Hayes, whose rights were obtained from Winnipeg ahead of the free-agent market last summer, was the first beneficiary of some good fortune that staked the Flyers to a 2-0 lead just five minutes into the game.
“I was trying to find T.K. [Travis Konecny] backdoor and it hit their skate and went off the goalie’s head and went in,” Hayes said.
That’s not the way you draw it up, but there is a value to just throwing the puck toward the net sometimes. Hayes was at the doorstep with no angle at all as Konecny dived at the far post and, just like the man said, the puck hit something, went almost straight up and clanged off the helmet of goalie Elvis Merzlikins and settled into the net. It wasn’t pretty, but it was the first point for Hayes after a six-game drought.
“I’m not complaining,” he said.
Hayes, centering the second line, was a presence throughout. He lost an assist when a goal was disallowed on interference, and he was a big part of the penalty-killing unit. On the season, he has 18 goals now, tying him for second on the team with Sean Couturier and James van Riemsdyk, behind only Konecny’s 20 goals.
“He’s been really big. He makes our team that much deeper and he’s such a threat when he’s handling the puck,” Konecny said of Hayes. “He loves holding onto it, and that makes the other team commit to stepping up on him and opens up something else.”
Hayes was originally signed to complement Nolan Patrick at the center position, perhaps allowing Patrick to take over the third line and get more favorable matchups. When Patrick was sidelined before the start of the season with a migraine condition, Hayes went from being a nice addition to a vital one.
“We didn’t know exactly what would be available as far as free agents, and I think Chuck [Fletcher, the general manager] did the right thing to sign him before free agency opened,” coach Alain Vigneault said. “He gave us more depth up front and has become a big part of this team.”

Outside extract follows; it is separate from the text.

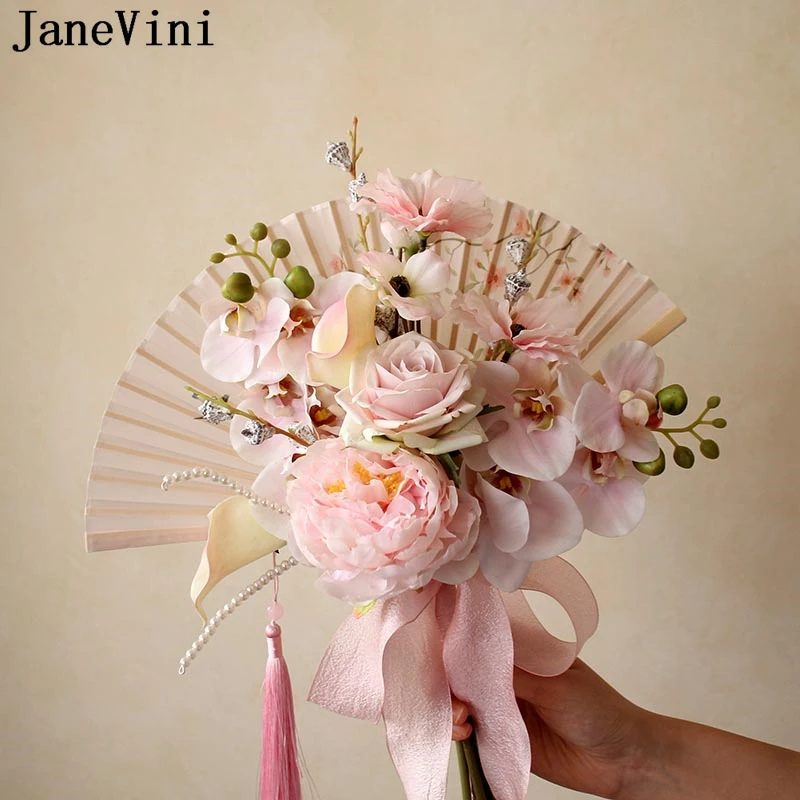 JaneVini 2023 New Artificial Wedding Bouquet Silk Rose Orchid Bride Fan Flowers Bridal Bouquets Hand Fan Ramillete Novio Boda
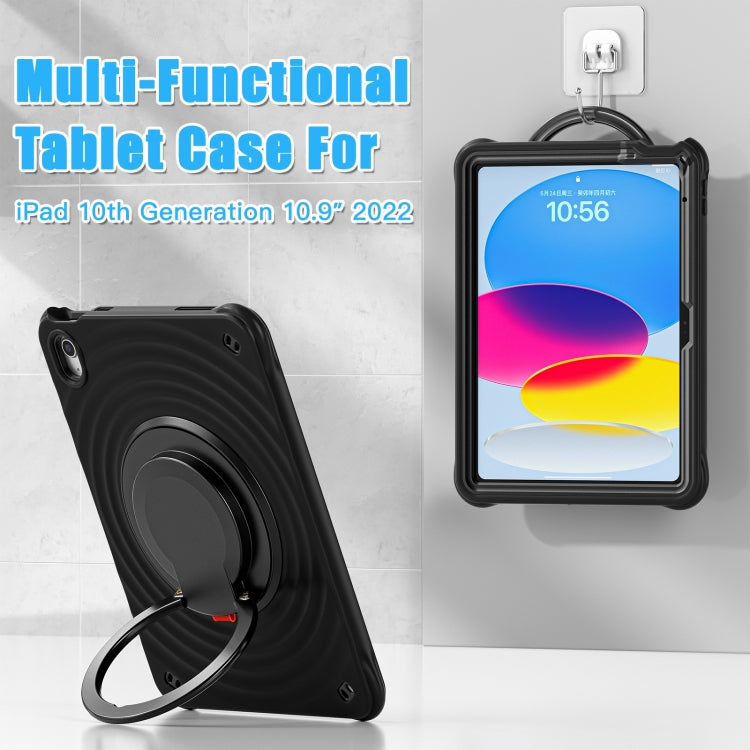 For iPad 2025 / 2022 Rotation Handle Holder Silicone Hybrid PC Tablet Case(Black) - iPad 2025 / 2022 Cases by buy2fix | Online Shopping UK | buy2fix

Hayes played for the Rangers under Vigneault and spent his first four seasons in New York before being dealt at the trade deadline last season to Winnipeg. With Hayes on the verge of becoming a free agent, the Flyers moved quickly and signed him to a seven-year, $50 million contract that seemed a touch extravagant at the time — and might still be — but no one is questioning it right now.
“I’m super comfortable here. These guys are awesome, and I’m comfortable with the coach,” Hayes said. “I’m happy with my decision and have no regrets. I’m just happy it turned out this way.”
The season still has a lot of turning out to do. Tuesday’s win began a stretch of games in which the Flyers are home 10 out of 14 times. It’s possible they can find some sustainable momentum to carry them toward the playoffs during that span.
That would be a departure, but it’s also the nature of a team that, without a scoring superstar, has to cobble together its wins carefully every night. The Flyers don’t have a player among the league’s top 30 for points. Couturier is their offensive leader with 53 points, and that puts him in a tie for 31st.
“We know we have to play a team game to win,” said captain Claude Giroux. “We don’t have a couple players that do everything. Everybody has a role and everybody knows their role.”
There is also a role for “puck luck,” and Kevin Hayes and all the Flyers will accept that, too. The standings swing wildly, the puck bounces in funny ways, and a team that brought in what it thought was an extra center finds that he might be just the extra they all need.